Website owners spend large sums of money making sure their sites are running on the biggest, best equipment available. But, what happens when the server hosting all of your website services cannot cope with an overabundance of inbound traffic?
Nothing is more frustrating than having a website break during peak usage times or worse, during a large burst of traffic from a sales event. It’s a problem every website owner perpetually dreads, especially before launching some piece of new content, sale, or product.
Whether the surge in traffic comes from significant growth, a planned event period, or due to social media buzz overloading the system, it’s all the same in the end. An unresponsive, unusable website and terrible end-user experience.
The damage to your reputation alone can cost millions, and that doesn’t count any of the lost revenue missed during the downtime. A portion of those missed opportunities will never return due to the bad taste left over by a poor website experience. Well then, what is a website owner to do when they have reached the limits of the highest tier hardware available to them? Luckily, we have some tips to scale WordPress sites for site owners, but most of the time it’s a lot more complicated.
- Enterprise Hosting Is The Answer To Prevent Downtime Woes
- What Are High-Availability Products?
- What is Load Balancing?
- Monolithic Servers vs Server Clusters (Vertical vs Horizontal Scaling)
- How Many Nodes Should I Have In My Cluster?
- What Other Considerations Are There For Horizontal-Scaling Servers Clusters?
- File Replication
Enterprise Hosting Is The Answer To Prevent Downtime Woes
The enterprise hosting space has the answers to these issues. After all, how do the likes of Amazon, Google, Netflix, PayPal, and thousands of other top-tier online businesses seem to keep their websites always-on without ever having such major failures from their web server? The answer is not a definitive one, as there are many different approaches to making your website downtime resilient through enterprise-grade High-Availability solutions.

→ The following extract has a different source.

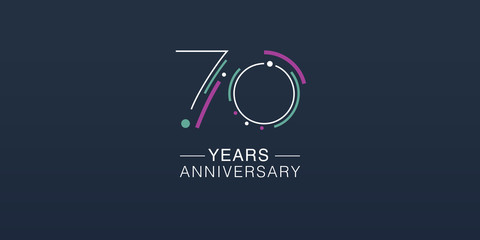 70 years anniversary vector icon, logo. Neon graphic number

However, one constant that almost all of these big box companies employ is some form of load balancing. It is generally the first progressive step into horizontal scaling solutions and for good reason, it gets results.
Load Balancing can do wonders for a lonely web server by giving it a coworker, or four, to help share the workload and keep everyone happy. After all, what would happen if our friends in the food service industry only hired a single employee to handle the lunch shift on a busy campus? Rhetorical exposition aside, the truth of the matter is you cannot achieve 100% uptime with only a single server. It does not matter how expensive the hardware was, every system inevitably fails. The measure of a website’s virility is not about how good the hardware is, it’s more about how well your infrastructure is at combatting both planned and unplanned downtime events.
What Are High-Availability Products?
The enterprise hosting world is built on High-Availability products. But, what are High-Availability products? These are solutions that combine clever applications of software to have multiple servers emulate an always online single-server website or service.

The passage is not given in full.